**Given data**:
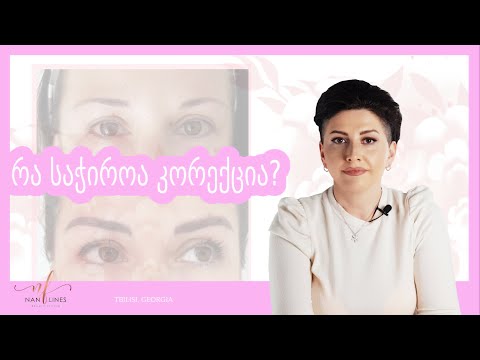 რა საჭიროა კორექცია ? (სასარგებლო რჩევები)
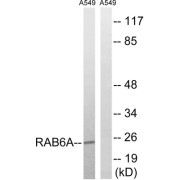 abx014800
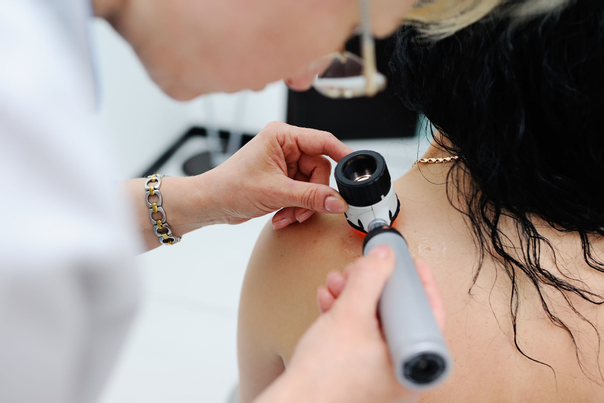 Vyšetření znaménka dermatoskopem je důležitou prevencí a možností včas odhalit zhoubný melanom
* * *
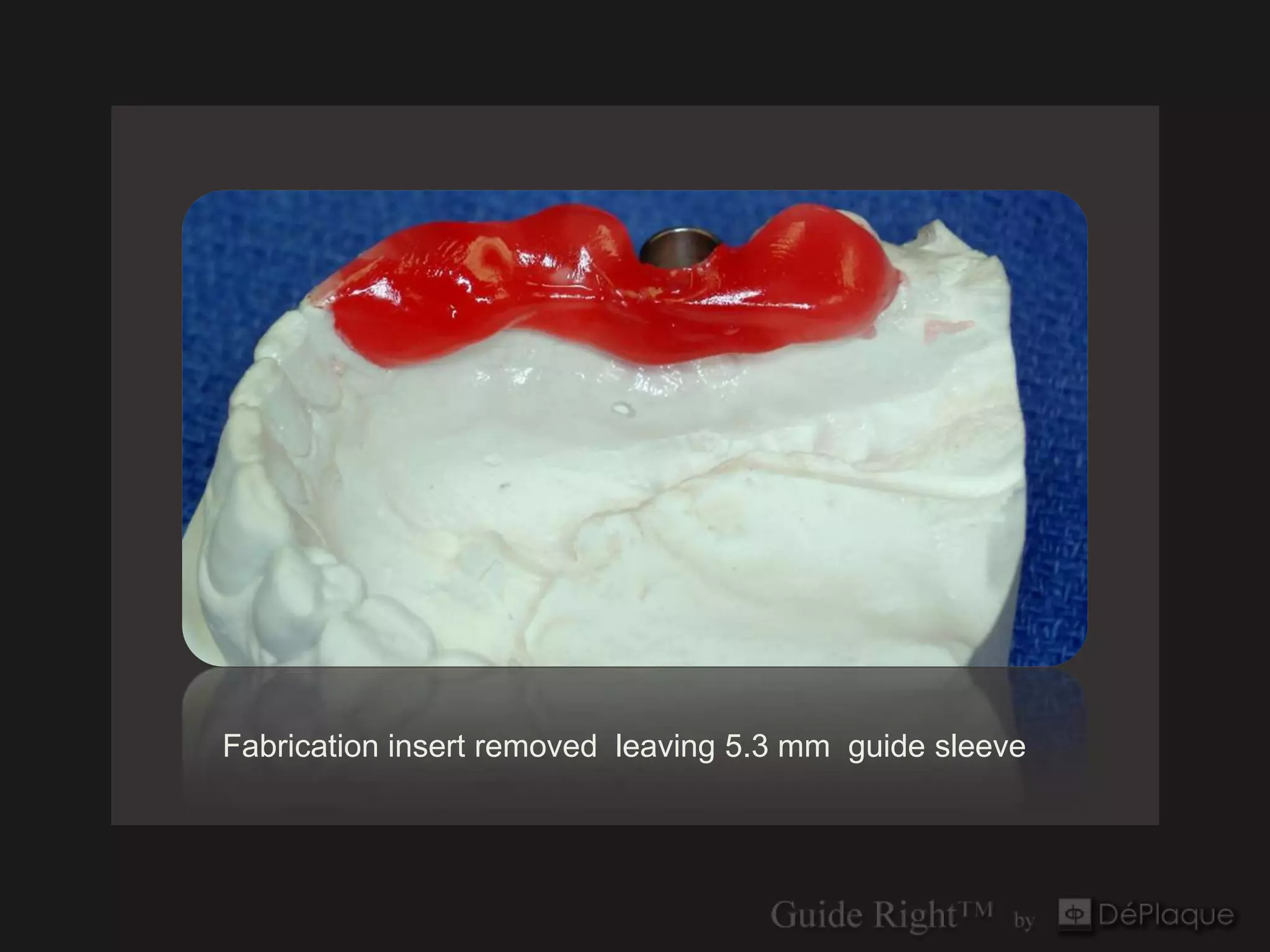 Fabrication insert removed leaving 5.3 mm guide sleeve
...
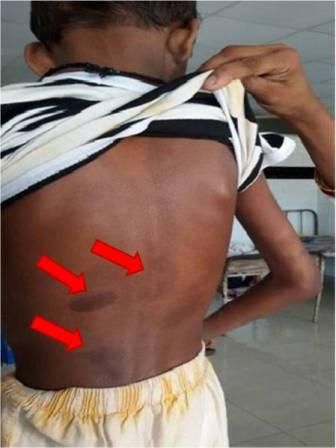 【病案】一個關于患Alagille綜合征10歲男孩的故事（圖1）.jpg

**Your instructions**: Given the entries above, transcribe exactly the lines from the one holding "რა საჭიროა კორექცია ? (სასარგებლო რჩევები)" through the one holding "Vyšetření znaménka dermatoskopem"; pictures do not belong in the transcription.

**Your response**:
 რა საჭიროა კორექცია ? (სასარგებლო რჩევები)
 abx014800
 Vyšetření znaménka dermatoskopem je důležitou prevencí a možností včas odhalit zhoubný melanom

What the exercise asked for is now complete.